● **ASSIGNMENT**: Scan the records below for the line containing "empty room featuring" and the line containing "Black equipment enclosure with vented sides". Copy both, plus every line between, exactly.

● **STORED DATA**:
• • • • • • •

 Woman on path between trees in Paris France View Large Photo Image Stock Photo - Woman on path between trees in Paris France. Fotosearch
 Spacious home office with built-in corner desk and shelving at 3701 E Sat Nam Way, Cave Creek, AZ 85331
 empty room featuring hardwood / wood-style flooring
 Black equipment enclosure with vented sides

• • • • • • •

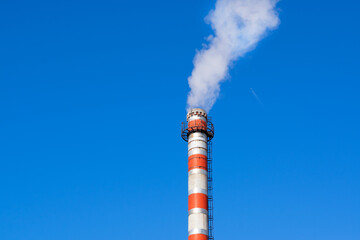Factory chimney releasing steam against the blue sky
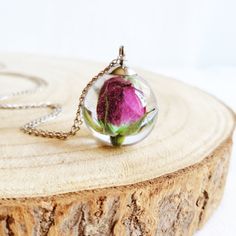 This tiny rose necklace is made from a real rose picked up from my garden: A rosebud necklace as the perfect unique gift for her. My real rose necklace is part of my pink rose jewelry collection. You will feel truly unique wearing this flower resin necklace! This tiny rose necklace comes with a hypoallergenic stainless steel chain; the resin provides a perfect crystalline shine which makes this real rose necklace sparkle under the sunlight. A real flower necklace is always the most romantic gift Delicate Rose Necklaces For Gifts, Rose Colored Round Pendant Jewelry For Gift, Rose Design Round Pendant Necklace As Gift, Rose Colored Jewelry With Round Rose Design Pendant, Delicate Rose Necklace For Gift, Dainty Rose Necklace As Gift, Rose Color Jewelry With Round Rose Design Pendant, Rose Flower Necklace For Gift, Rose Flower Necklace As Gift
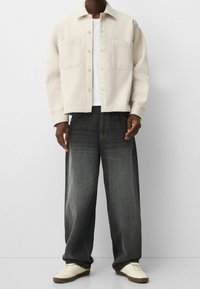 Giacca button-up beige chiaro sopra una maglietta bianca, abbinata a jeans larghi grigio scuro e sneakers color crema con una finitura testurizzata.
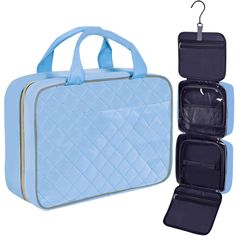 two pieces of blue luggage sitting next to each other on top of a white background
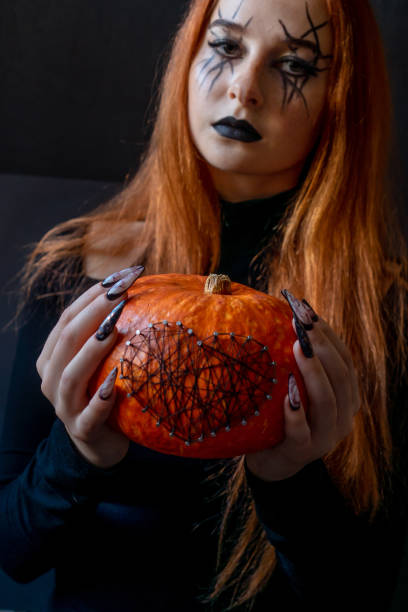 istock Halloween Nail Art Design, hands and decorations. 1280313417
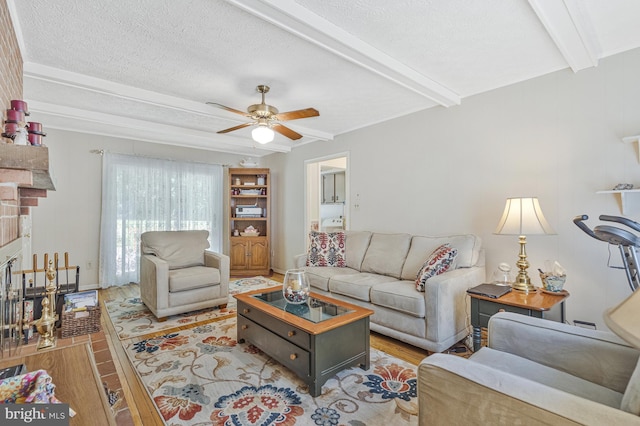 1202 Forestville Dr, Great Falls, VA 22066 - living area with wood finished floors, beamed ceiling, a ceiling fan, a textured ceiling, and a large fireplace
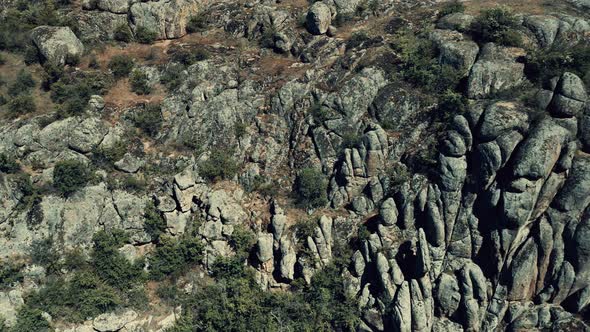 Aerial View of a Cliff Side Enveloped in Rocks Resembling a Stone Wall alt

• • • • • • •

● **SOLUTION**:
 empty room featuring hardwood / wood-style flooring
 Black equipment enclosure with vented sides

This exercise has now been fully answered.